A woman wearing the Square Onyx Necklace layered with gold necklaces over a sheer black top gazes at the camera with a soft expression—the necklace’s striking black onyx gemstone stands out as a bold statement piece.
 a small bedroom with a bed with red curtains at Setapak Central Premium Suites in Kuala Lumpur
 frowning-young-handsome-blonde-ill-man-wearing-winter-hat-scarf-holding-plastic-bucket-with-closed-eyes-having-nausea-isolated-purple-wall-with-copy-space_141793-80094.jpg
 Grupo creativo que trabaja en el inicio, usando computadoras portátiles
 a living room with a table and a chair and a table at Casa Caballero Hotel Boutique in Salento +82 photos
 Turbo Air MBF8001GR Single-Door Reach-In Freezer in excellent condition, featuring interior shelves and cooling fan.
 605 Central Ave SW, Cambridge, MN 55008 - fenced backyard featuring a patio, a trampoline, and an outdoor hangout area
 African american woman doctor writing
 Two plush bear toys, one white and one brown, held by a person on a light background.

━━━━━━━━━━━━━━━━━━━━

## [TRY IT]
Your reply should be a verbatim retyping of the lines from the one that holds "a small bedroom" through the last line of the entries.

## [ANSWER TO THE PROBLEM]
 a small bedroom with a bed with red curtains at Setapak Central Premium Suites in Kuala Lumpur
 frowning-young-handsome-blonde-ill-man-wearing-winter-hat-scarf-holding-plastic-bucket-with-closed-eyes-having-nausea-isolated-purple-wall-with-copy-space_141793-80094.jpg
 Grupo creativo que trabaja en el inicio, usando computadoras portátiles
 a living room with a table and a chair and a table at Casa Caballero Hotel Boutique in Salento +82 photos
 Turbo Air MBF8001GR Single-Door Reach-In Freezer in excellent condition, featuring interior shelves and cooling fan.
 605 Central Ave SW, Cambridge, MN 55008 - fenced backyard featuring a patio, a trampoline, and an outdoor hangout area
 African american woman doctor writing
 Two plush bear toys, one white and one brown, held by a person on a light background.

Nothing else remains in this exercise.